- STORED DATA -
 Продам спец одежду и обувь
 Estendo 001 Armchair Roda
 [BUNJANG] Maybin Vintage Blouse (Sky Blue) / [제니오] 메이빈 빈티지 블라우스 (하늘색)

- AIM OF THE EXERCISE -
Write out the lines above exactly, but only from the one containing "Estendo 001 Armchair Roda" through the last one.

- THE ANSWER -
 Estendo 001 Armchair Roda
 [BUNJANG] Maybin Vintage Blouse (Sky Blue) / [제니오] 메이빈 빈티지 블라우스 (하늘색)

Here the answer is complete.